Margarita Baca-Gomez, Assistant Director, Family, Health & Community. Ms. Gomez has worked for Region 19 Head Start for 22 years. She received her undergraduate and masters degrees from UTEP.

Head Start Centers for Pre-K ages three to four, have implemented curriculum for Administrators, teachers, students as well as parents to prevent bullying.

Ms. Gomez related that, “Second Step is a program on violence prevention curriculum for preschool and Kindergarten. This program was developed by the 2003 Committee for Children in Seattle, Washington.” Ms. Gomez emphasized, “The key to preventing bullying is parental involvement in every aspect of their child’s life, from creating a safe environment at home, where communication between the parent and the child is paramount. When there is a commitment by the school to end bullying, it significantly reduces the incidences of bullying. Training raises awareness about bullying and defines clear guidelines and expectations around what is acceptable behavior.”

Ms. Gomez recommends, “Parents instruct their children to seek out the adult in charge of the classroom, or activity and report any incidence of bullying immediately.”

When asked her opinion of the following statement: Parents are very overprotective these days; getting picked on by tougher kids and hassling weaker ones is just a part of growing up. It’s how they learn to deal with the real world. Do you agree with this statement?

“I do not agree with this statement,” said Ms.

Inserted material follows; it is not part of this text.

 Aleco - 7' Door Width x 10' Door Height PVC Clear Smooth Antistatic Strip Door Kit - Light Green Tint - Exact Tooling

Gomez. “Parents are becoming more involved as they should. But part of growing up has nothing to do with living in a society where they fear going to school. There is a responsibility as a society to assure we promote a safe environment for our children. Parents are becoming aware of situations that they were not exposed to before as much as we are today. Before, we called a child that was aggressive a trouble maker, never a bully.”

According to Ms. Gomez, “It is a team effort by parents, teachers and administrators to prevent bullying. The earlier we deal with bullying behaviors, the greater the opportunity to modify those behaviors. Once bullying behavior has been identified the parent must take action to place the child in counseling. Preschool age is when the social and emotional skills are developing and the best time to modify bullying behaviors.”

Region 19 Head Start also has a lending library where books can be checked out to parents. Some recommended readings through Channing Bete Company on the subject of bullying can be purchased through their website at www.store.channing-bete.com.

Ms. Gomez is a devoted mother. “I am motivated by my three children and my husband of 25 years stated Ms. Gomez. Everything I do is driven by wanting to set a good example for my kids.”

Ms. Gomez and her family are native El Pasoans. “I have lived here all my life and have been blessed with tremendous opportunities.”

In El Paso, positive steps and programs are in place to reduce the incidences of bullying through the counseling of victims as well as through education and awareness during the critical years of social and emotional development.